10911 - SESTO S. GIOVANNI|10911-S01325

Format:

TRAIN_NUMBER - STATION|TRAIN_NUMBER - STATION_CODE

Until there were few requests all it's ok, because I need only one information, "S01325". But when users began to grow I discovered that there may be two trains with the same numbering. For example, the train 612 can have two numerations, in fact the API gives me:

612 - TARANTO|612-S11465
612 - ASSO|612-N00079

When (using urllib.request module) I try to read this, I get:

b'612 - TARANTO|612-S11465\n612 - ASSO|612-N00079\n'

I need have two list variables:

A = ['612 - TARANTO', '612 - ASSO'] #First regex expression
B = ['S11465', 'N00079'] #Second regex expression

I must use REGEX, true? I never used REGEX, so I don't know what I must do. I searched on Google and on the Wiki(s) / docs. But I don't found (404) the solution of this problem. Obviously the regex expression must works for all cases, for example:

b'2097 - MILANO CENTRALE|2097-S01700\n'

Give me:

A = ['2097 - MILANO CENTRALE']
B = ['S01700']

Another example:

b'123 - ROMA TERMINI|123-S01358\n123 - TREVIGLIO|123-S01703\n'

Give me:

A = ['123 - ROMA TERMINI', '123 - TREVIGLIO']
B = ['S01358','S01703']

Thanks, thanks very much for reading. I hope I was clear. Have a good day, Marco P.S.: Link to the italian docs

MarcoBuster
  • 1,145
  • 1
  • 13
  • 21

4 Answers4

4

You don't need regular expressions, actually. You can use them though. There's a rather simple pattern in your information:

<Train number> - <city>|<Train number>-<identifier>

So let's look at what happens if you do

>>> '123 - ROMA TERMINI|123-S01358'.split('|', 1)
['123 - ROMA TERMINI', '123-S01358']

So now you have the first part of what you want. The second part can then be fixed using something similar, let's look at

>>> '123-S01358'.split('-', 1)
['123', 'S01358']

So you can do

>>> '123-S01358'.split('-', 1)[-1]
'S01358'

And you're done!

If you combine all of this together you should get your answer.

Ian Stapleton Cordasco
  • 26,944
  • 4
  • 67
  • 72
2

I must use REGEX, true?

Not true.

I think a better solution is to parse each line into tokens and assign them to sensible variables. You need a solution that is less about string primitives and regex; more about objects and encapsulation.

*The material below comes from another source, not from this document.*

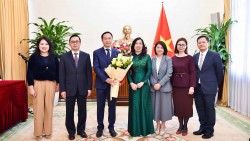 Thứ trưởng Ngoại giao Lê Thị Thu Hằng trao Quyết định tiếp nhận, điều động cán bộ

I'd design a REST API that let me query for trains easily and return the response as JSON objects.

duffymo
  • 305,152
  • 44
  • 369
  • 561
0

First, you have to convert your bytearrays to str objects.

With the examples you provided:

examples = [
    b'2097 - MILANO CENTRALE|2097-S01700\n',
    b'123 - ROMA TERMINI|123-S01358\n',
    b'123 - TREVIGLIO|123-S01703\n'
]

Assuming that format is:

[TRAIN_NAME]|[TRAIN_NAME_REPEATED]-[TRAIN_NUMBER]\n

We don't need any regexes, we can simply split entries by delimiters:

for example_bytes in examples:
    example = example_bytes.decode("utf-8").split("|")
    # example = ['2097 - MILANO CENTRALE', '2097-S01700\n']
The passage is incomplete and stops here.